Goal of the exercise: For the entries that appear below, write out the exact text and omit the pictures.

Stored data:
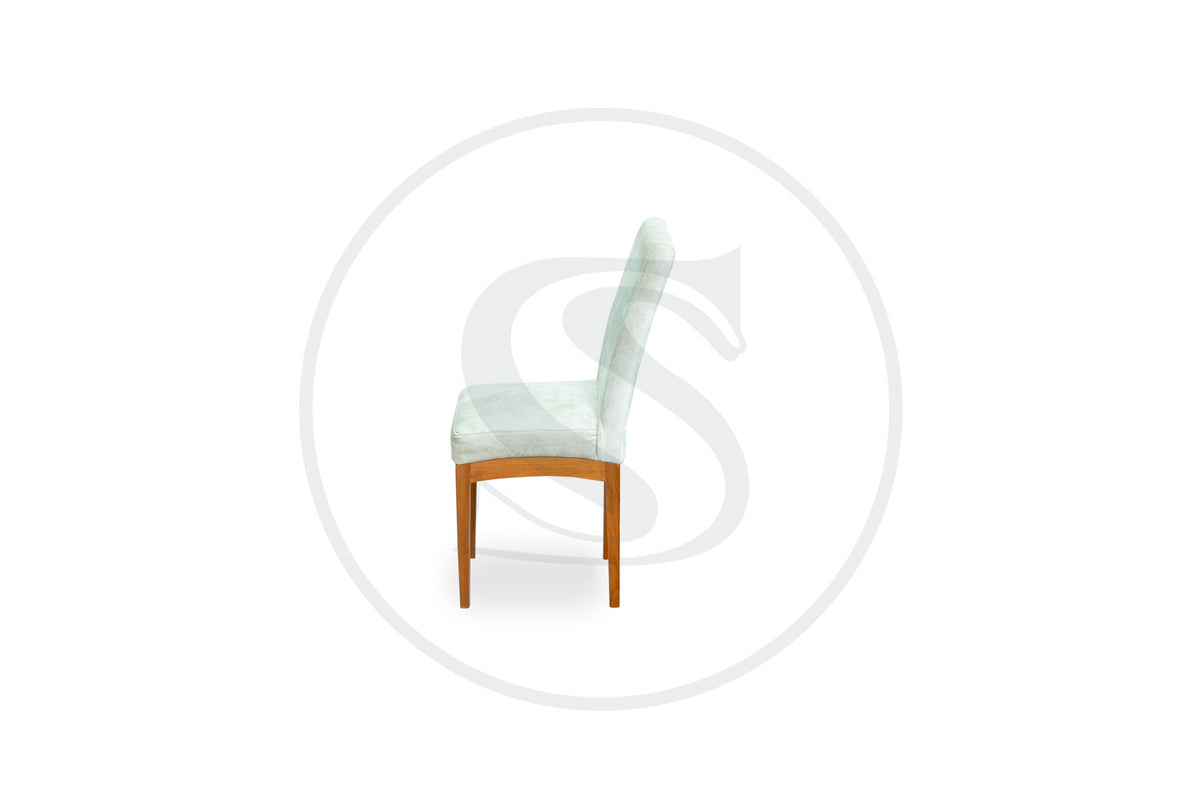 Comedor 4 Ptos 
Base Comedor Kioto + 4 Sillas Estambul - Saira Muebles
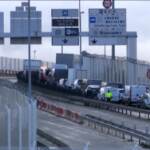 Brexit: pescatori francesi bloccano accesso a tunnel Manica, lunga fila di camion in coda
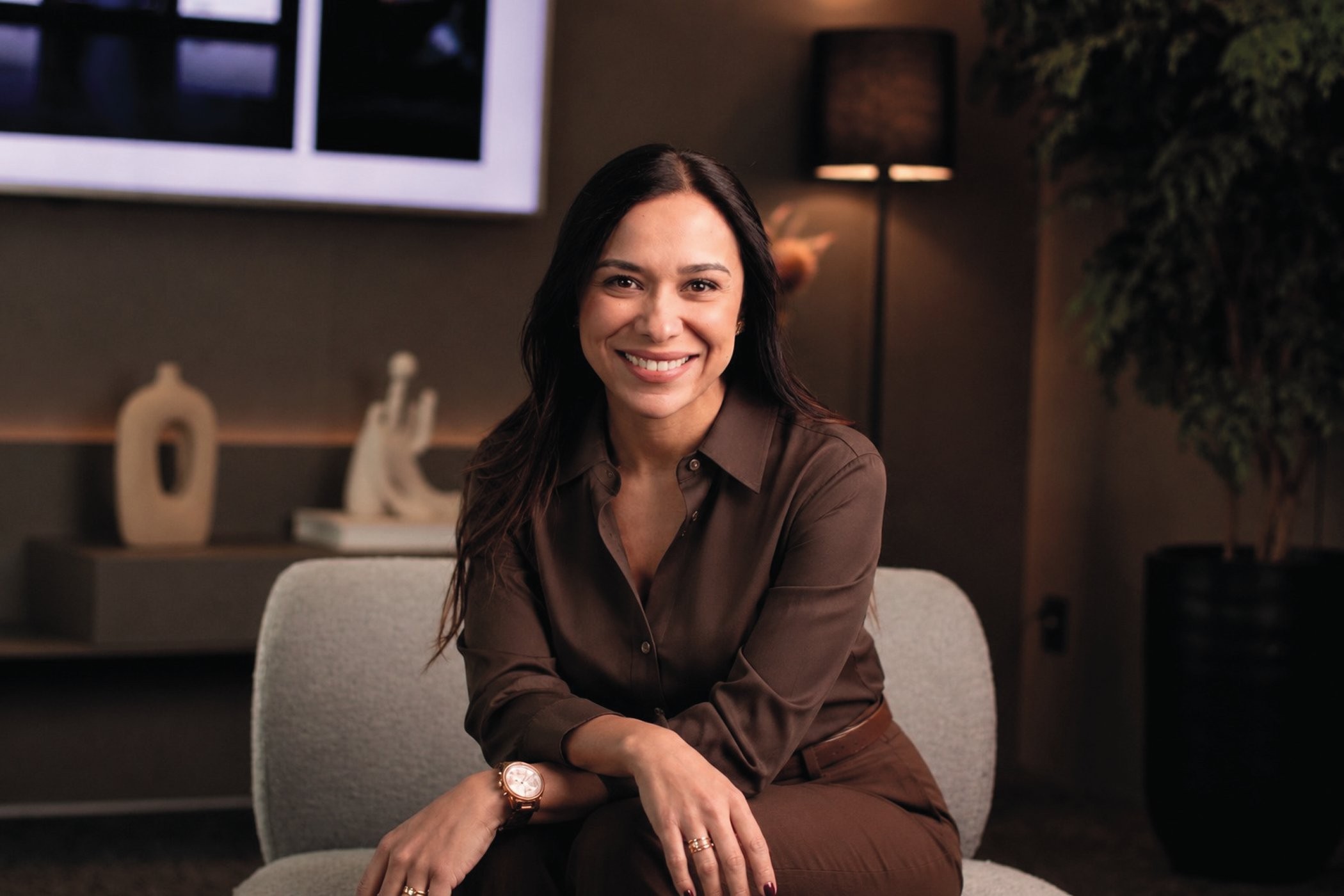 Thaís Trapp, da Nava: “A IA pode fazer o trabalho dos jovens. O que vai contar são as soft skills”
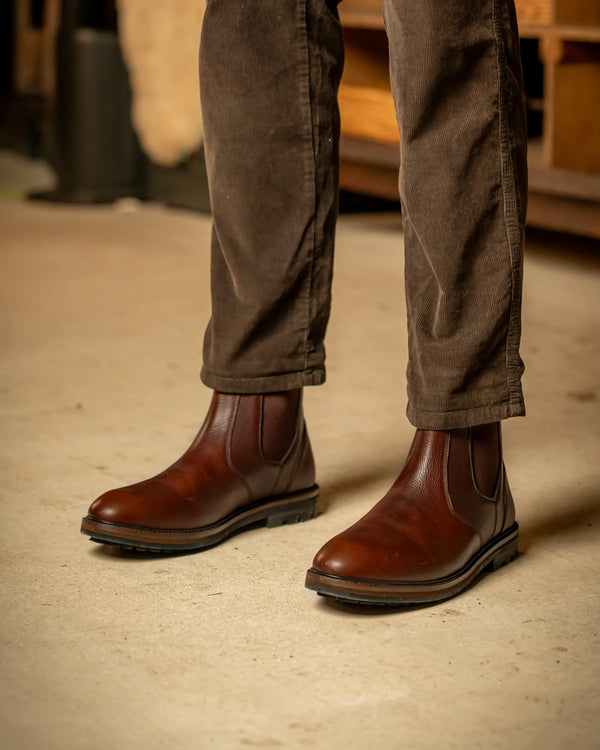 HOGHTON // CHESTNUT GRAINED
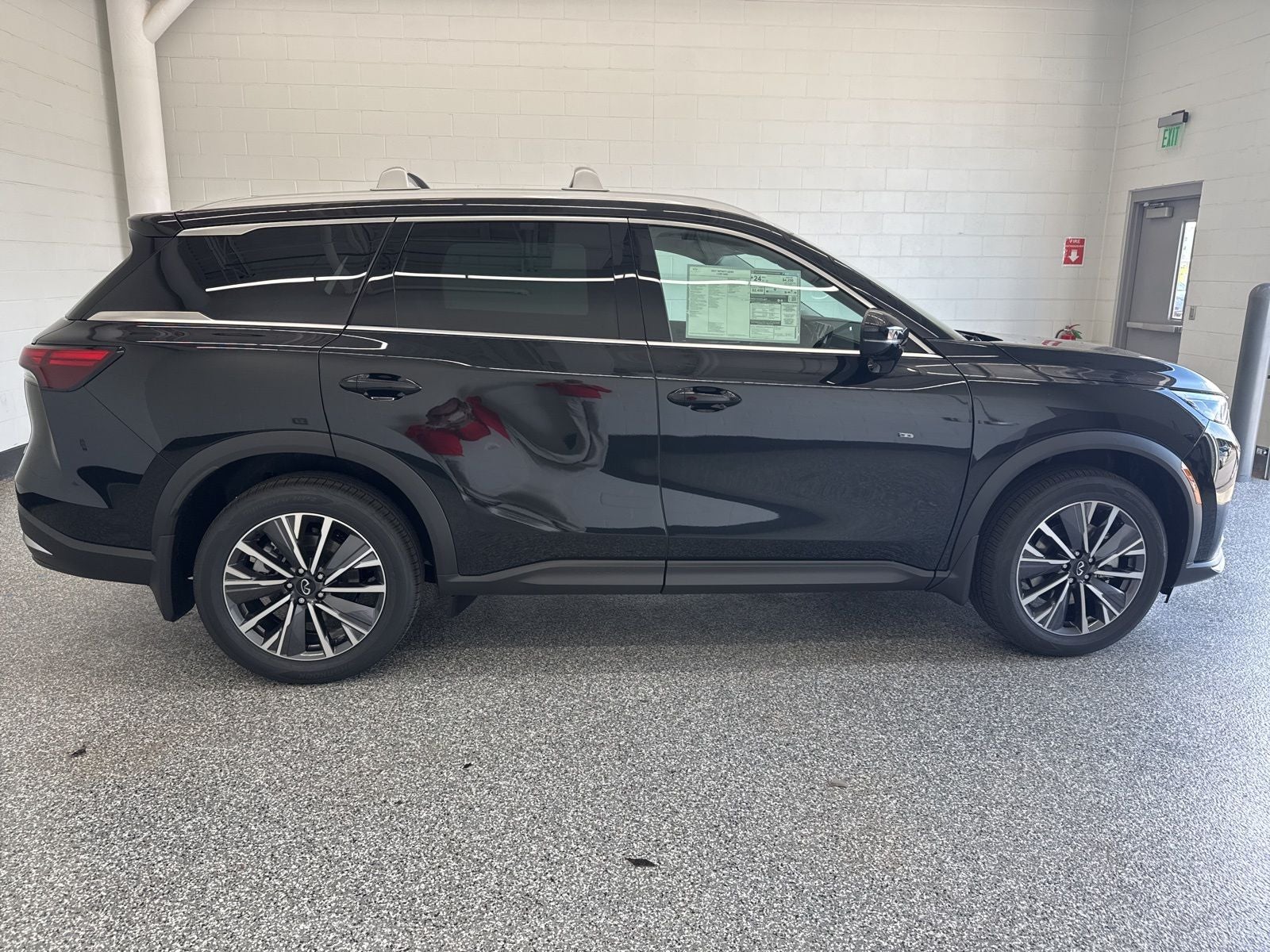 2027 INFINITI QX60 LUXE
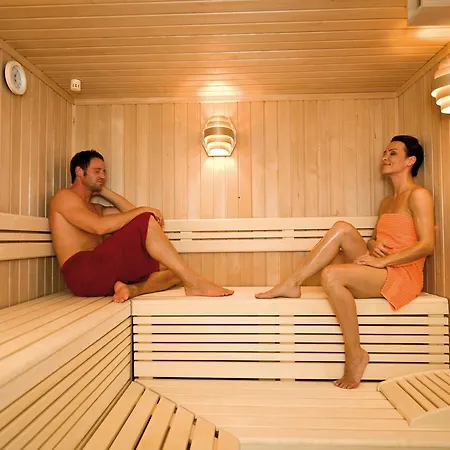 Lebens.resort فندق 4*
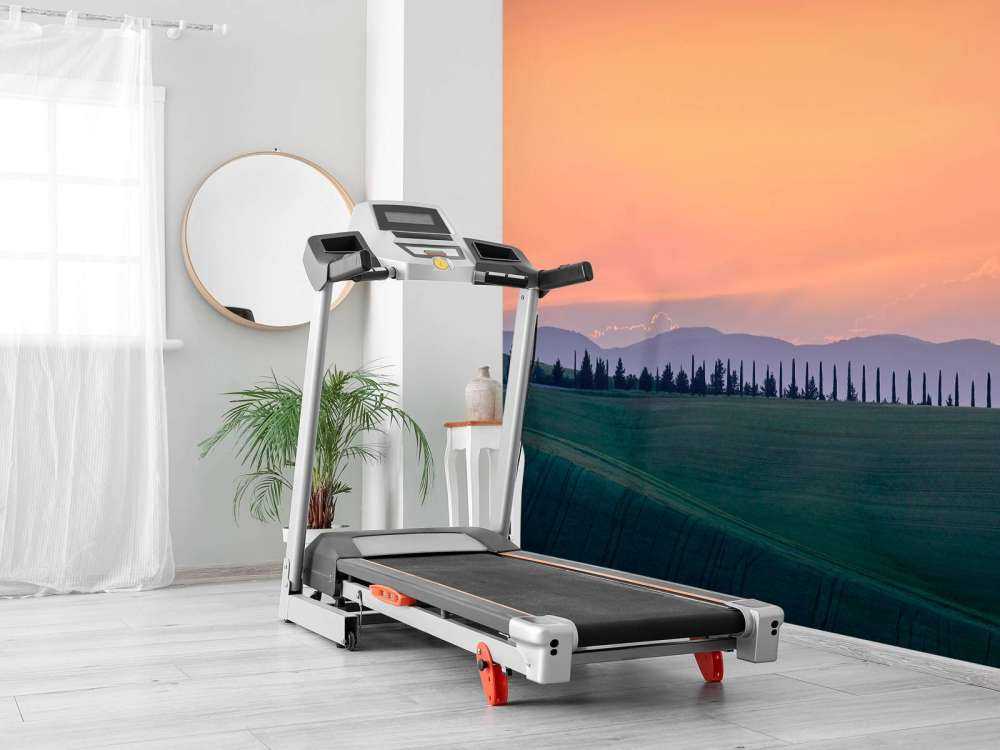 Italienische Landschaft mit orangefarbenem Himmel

Answer to the exercise:
 Comedor 4 Ptos 
Base Comedor Kioto + 4 Sillas Estambul - Saira Muebles
 Brexit: pescatori francesi bloccano accesso a tunnel Manica, lunga fila di camion in coda
 Thaís Trapp, da Nava: “A IA pode fazer o trabalho dos jovens. O que vai contar são as soft skills”
 HOGHTON // CHESTNUT GRAINED
 2027 INFINITI QX60 LUXE
 Lebens.resort فندق 4*
 Italienische Landschaft mit orangefarbenem Himmel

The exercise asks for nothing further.